▶ **ACTIVITY**
Output the records below in full, word for word; pictures do not belong in it.

Top of DATASET RECORDS

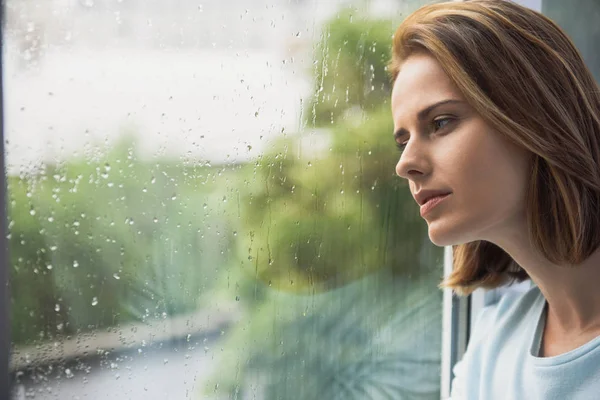 Eenzaam meisje kijkend naar regen — Stockfoto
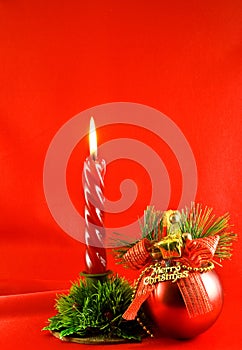 Christmas lighting candle and red ball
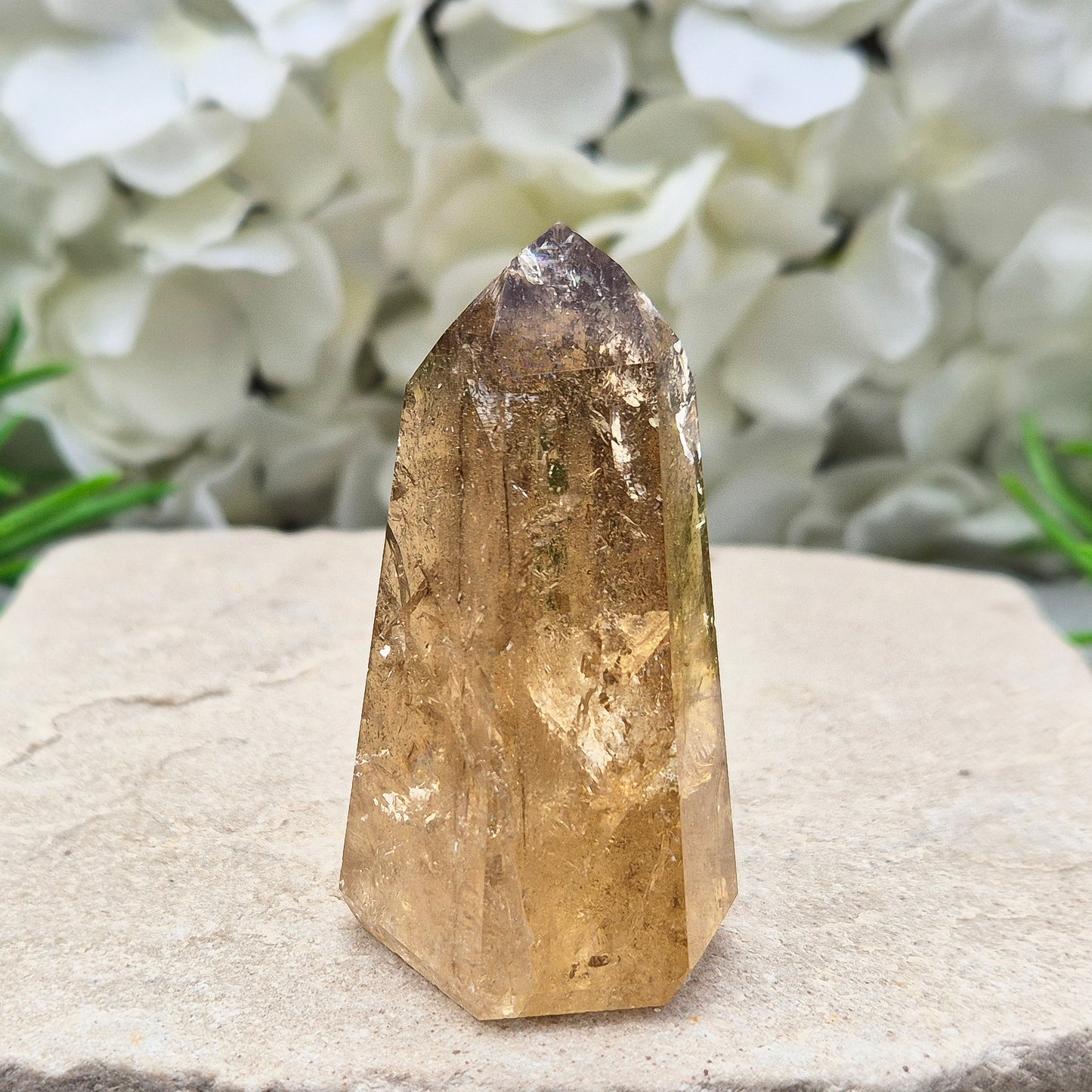 Natural Untreated polished Citrine Point sourced and polished in Brazil. Wonderful dark honey citrinecolour with light reflecting inclusions.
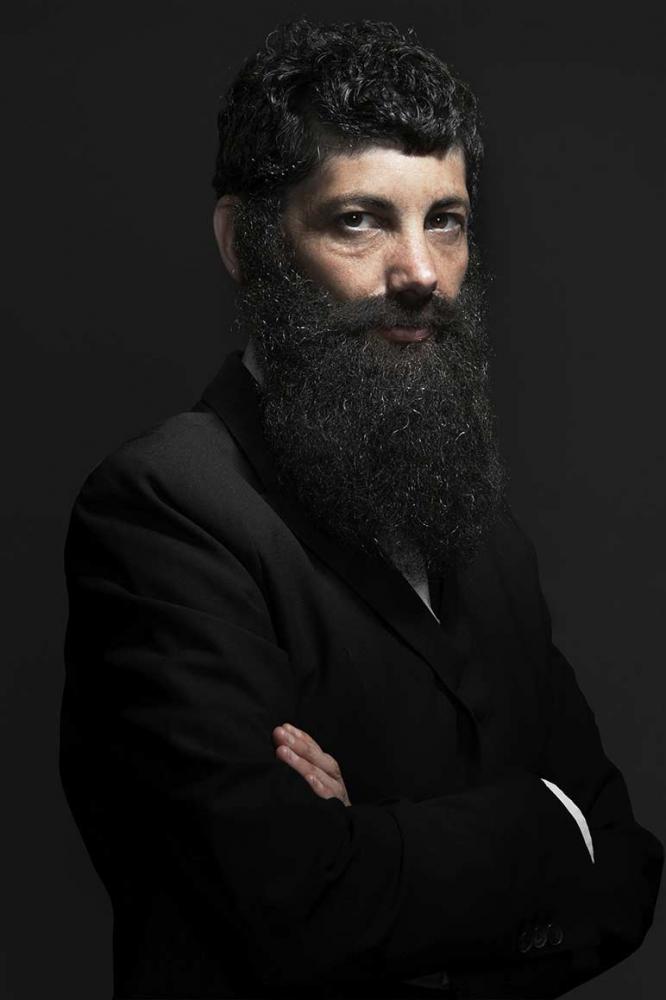 Half-length portrait of a bearded man with long, dark full beard and dark hair. He wears a suit and crosses his arms in front of his chest. The right half of the body is facing the viewer, the face can be seen in half profile.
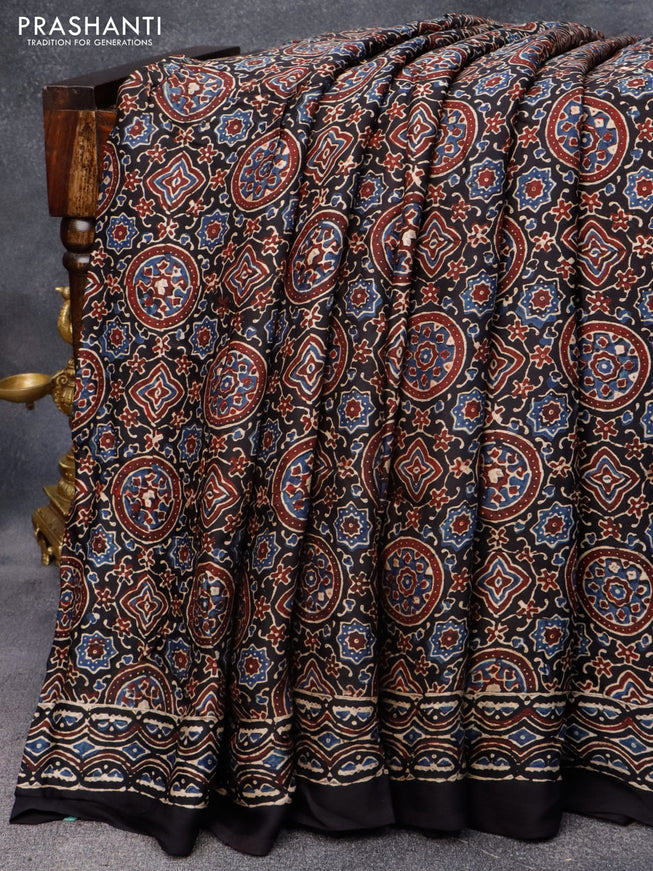 Modal silk saree black with allover ajrakh prints in borderless style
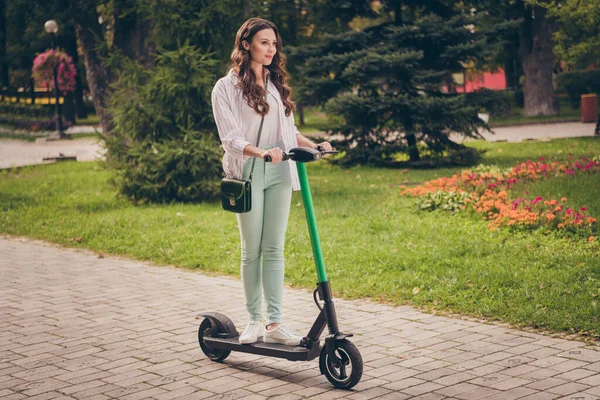 Teljes test fotó csinos fiatal nő göndör barna haj viselet alkalmi ruhát lovagolni meghajtó elektromos robogó eco a parkban — Stock Fotó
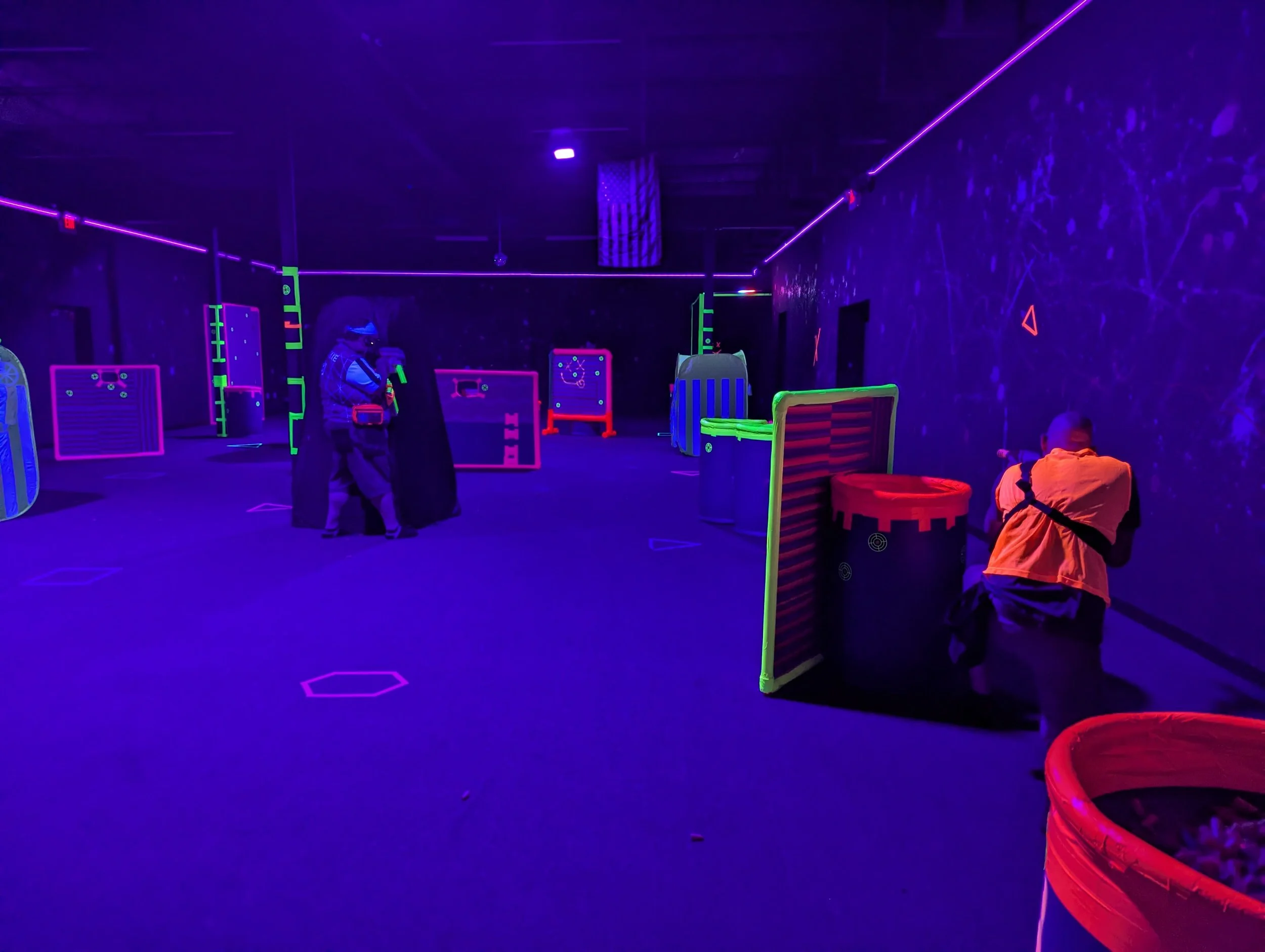 Laser tag arena with neon lights, laser beams, and players hiding behind colorful barriers.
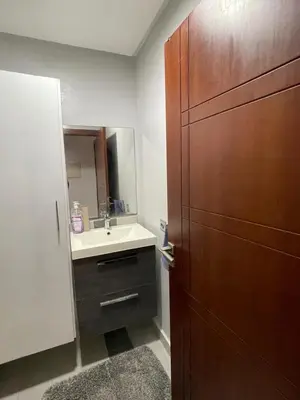 a bathroom with a sink and a large wooden cabinet at residence rania in Maarif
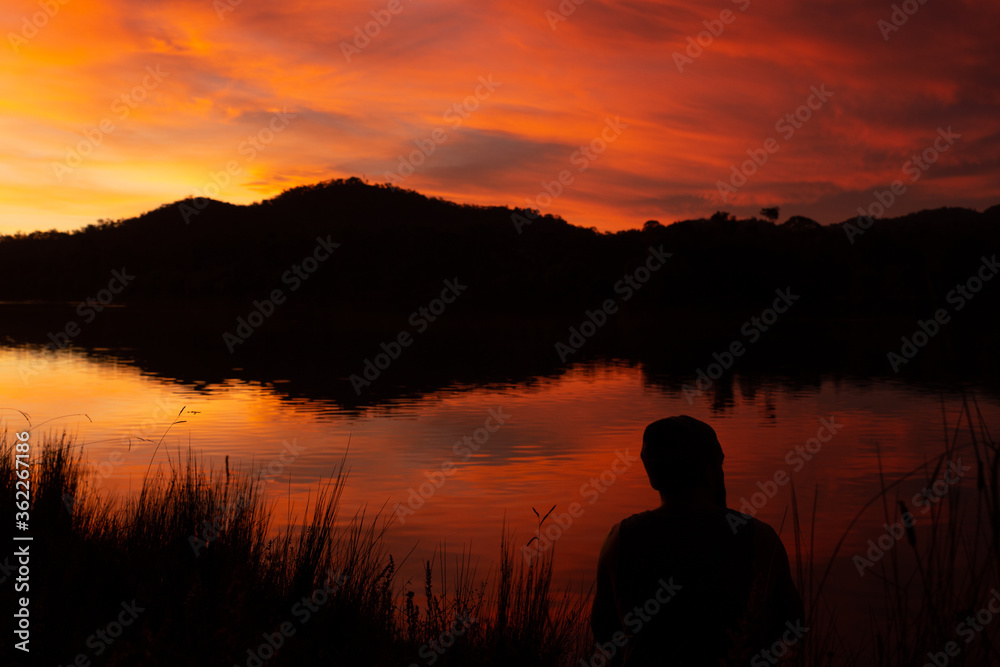 Orange skies reflecting on lake showing a man in silhouette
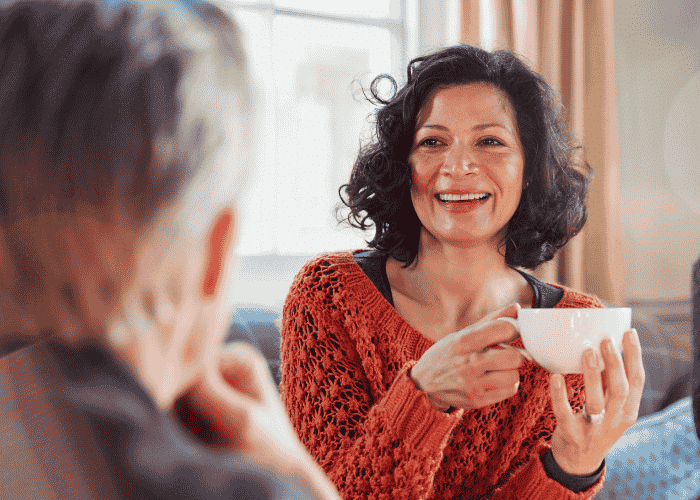 Woman sitting on couch with friends holding a cup of tea and smiling after support with perimenopause and mental health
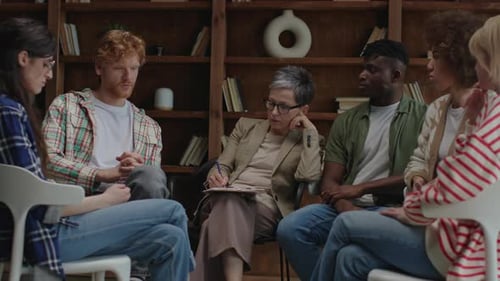 Group of Diverse Adults Talking in Circle During Therapy Session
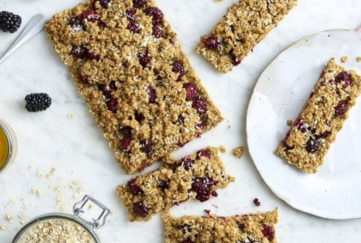 Slab of fruity flapjack traybake, 4 pieces cut, fresh blackberries and jar of oats on the side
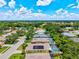 View of a quiet neighborhood featuring homes with lush landscapes, swimming pools, and beautiful blue skies at 5004 Creekside Trl, Sarasota, FL 34243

Bottom of DATASET RECORDS

▶ **YOUR RESPONSE**
 Eenzaam meisje kijkend naar regen — Stockfoto
 Christmas lighting candle and red ball
 Natural Untreated polished Citrine Point sourced and polished in Brazil. Wonderful dark honey citrinecolour with light reflecting inclusions.
 Half-length portrait of a bearded man with long, dark full beard and dark hair. He wears a suit and crosses his arms in front of his chest. The right half of the body is facing the viewer, the face can be seen in half profile.
 Modal silk saree black with allover ajrakh prints in borderless style
 Teljes test fotó csinos fiatal nő göndör barna haj viselet alkalmi ruhát lovagolni meghajtó elektromos robogó eco a parkban — Stock Fotó
 Laser tag arena with neon lights, laser beams, and players hiding behind colorful barriers.
 a bathroom with a sink and a large wooden cabinet at residence rania in Maarif
 Orange skies reflecting on lake showing a man in silhouette
 Woman sitting on couch with friends holding a cup of tea and smiling after support with perimenopause and mental health
 Group of Diverse Adults Talking in Circle During Therapy Session
 Slab of fruity flapjack traybake, 4 pieces cut, fresh blackberries and jar of oats on the side
 View of a quiet neighborhood featuring homes with lush landscapes, swimming pools, and beautiful blue skies at 5004 Creekside Trl, Sarasota, FL 34243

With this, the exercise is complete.